From https://github.com/aryn-ai/sycamore/actions/runs/6176295926/job/16765129778#step:10:312

This looks to be non-deterministic, because the very next run of the exact same workflow succeeded:

The code is failing from here: https://github.com/aryn-ai/sycamore/blob/a076d86644375a60f0c527b83e96d5d3e12345a5/sycamore/execution/transforms/entity/entity_extractor.py#L41 We will likely need to add some additional logging to get to the bottom of this.

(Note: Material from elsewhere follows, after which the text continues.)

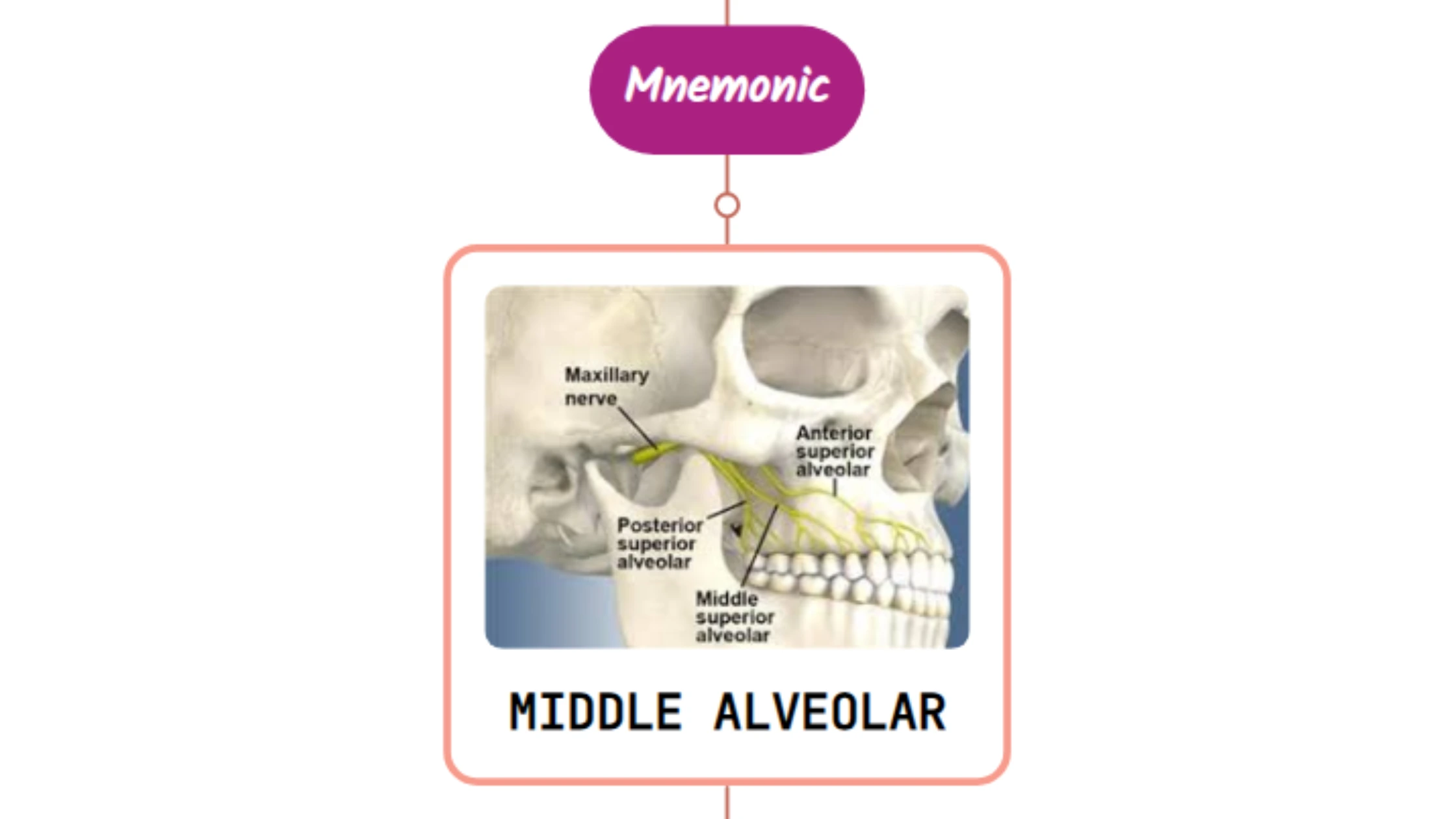 You are currently viewing Middle Superior Alveolar Artery Mnemonic [ NEVER FORGET AGAIN ]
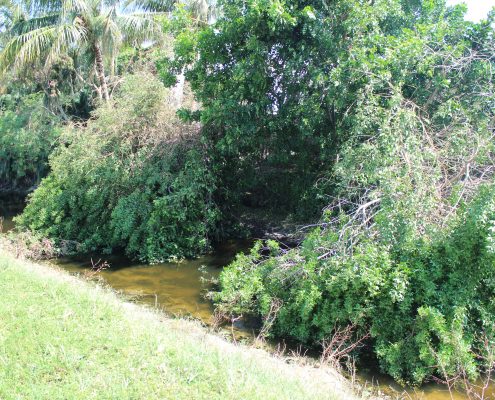 Vegetation in L-42 Canal in area of Yamato Road and SR7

bsowell commented 12 months ago

Still happening: https://github.com/aryn-ai/sycamore/actions/runs/6293759018/job/17084907000. It is infrequent enough, I suspect it may be dependent on the result result returned by OpenAI.

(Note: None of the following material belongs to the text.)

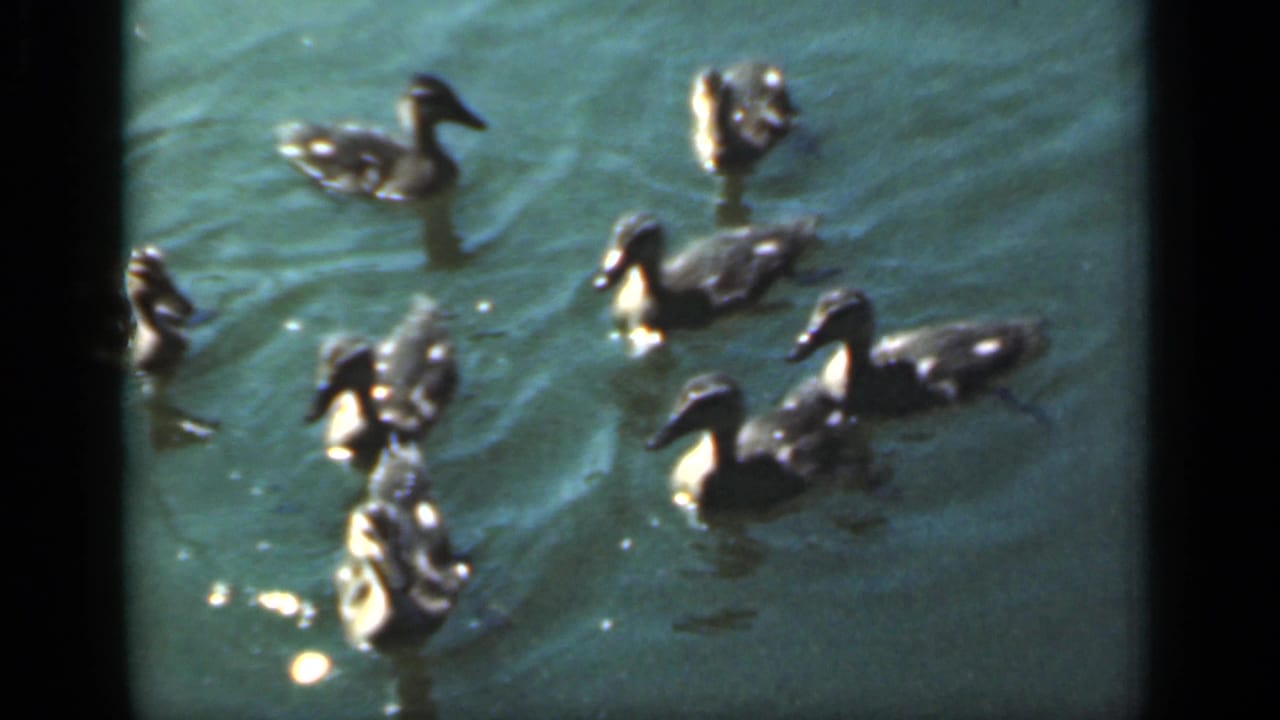 1949 New York 8mm frame showing ducklings clustered on rippling pond water with bright glints and soft home-movie focus.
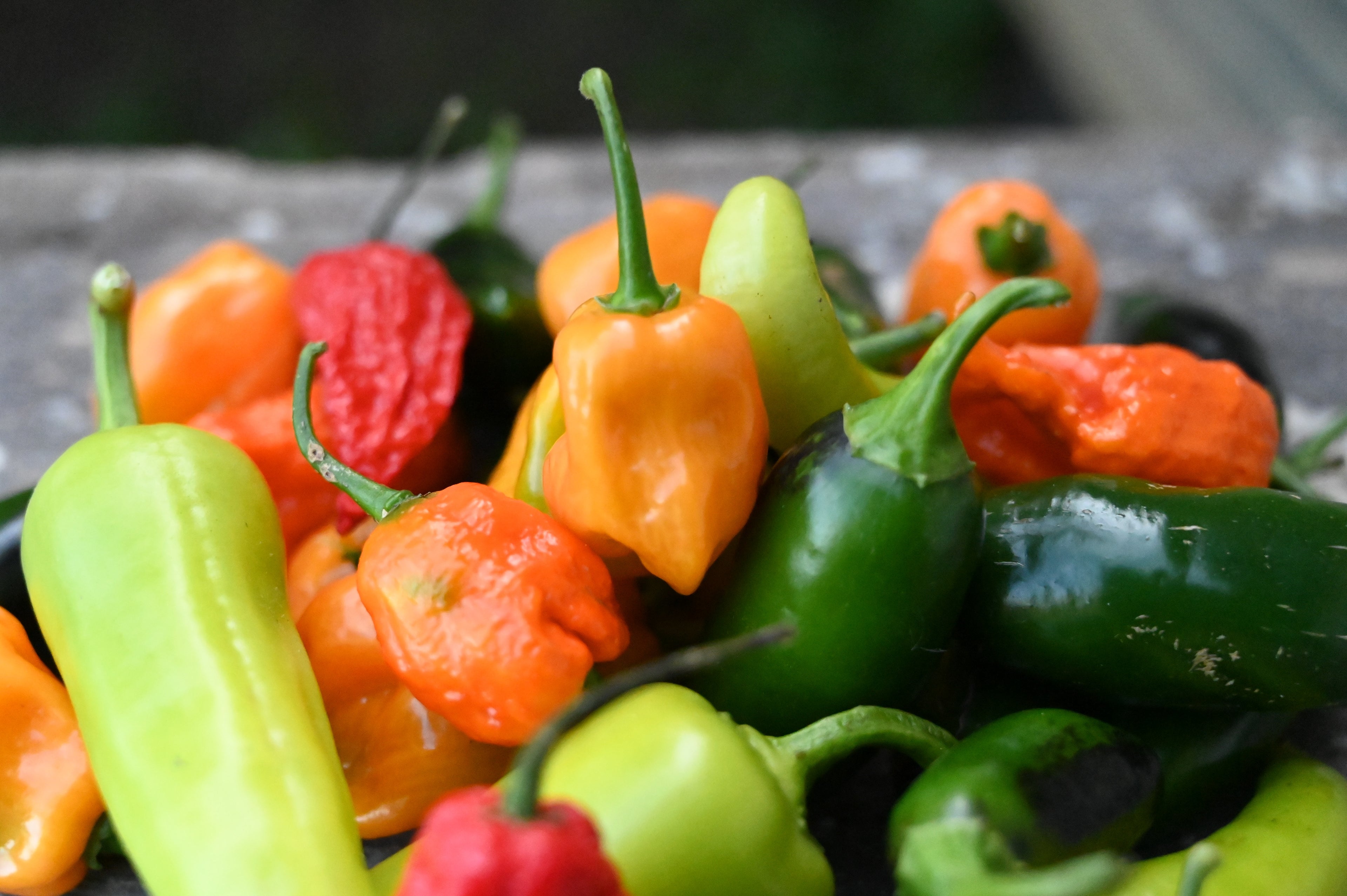 Hot Pepper Jam | 4oz. image 2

bsowell commented 12 months ago

We traced this to throttling from OpenAI. Looks like we are already doing basic retries, but we should see if there is anything better we can do and at the very least surface the error more clearly

ChillOrb commented 11 months ago

Hello @bsowell,

I've been investigating the non-deterministic failures you've mentioned. I noticed that test_pdf_to_opensearch does not pass llm_kwargs here, and OpenAI is ultimately set here. I believe you're referring to the retry mechanism here?

So, my queries are:

  1. Would it be beneficial to add a similar mechanism to _generate_using_guidance?

To enhance our retry mechanism, I'm considering using This guide

I would appreciate your thoughts on this. Please let me know if I am heading in the right direction.

ChillOrb commented 11 months ago

Also, i think this is related to https://github.com/aryn-ai/sycamore/issues/36

bsowell commented 11 months ago

Hey @ChillOrb! Thanks so much for taking a look.

So guidance, which is another library for interacting with LLMs, does have some retries enabled by default (e.g. see the default parameter here). Even with that, we still sometimes see timeouts. I do think eventually we want to move off of guidance and just use openai directly -- we aren't getting too much value, and I think we will want to customize the behavior, for example by using some of the techniques you linked. One place to start might be to see if we are doing the right thing in terms of retries for the non-guidance based access.

I do think this is slightly different than #36. That issue is about OpenSearch. When writing to OpenSearch we can sometimes overwhelm the cluster and need to add mechanisms to backoff. Here we are hitting issues access OpenAI. Kind of unfortunate in this project that everything starts with Open :).

ChillOrb commented 11 months ago

Hey @bsowell ,

Thanks for clarifying,

Code here looks fine to me. Still a few things i think could be addressed and would love to get your opinion,

  1. Deciding on number of max retries (currently 3)
  2. Using exponential backoff which I think can be useful since I predict this error can be more frequent as one scales up.
  3. Also will it be a good idea to check for content length here
  4. What are your views on creating a custom retry backoff mechanism as mentioned here and calculate delay and retries based on headers here ?
  5. Custom retry can also help in surfacing the error more clearly.
  6. Is there a need for batching request parallelly? Ref: here .

Let me know if this is something that needs to be worked on right now.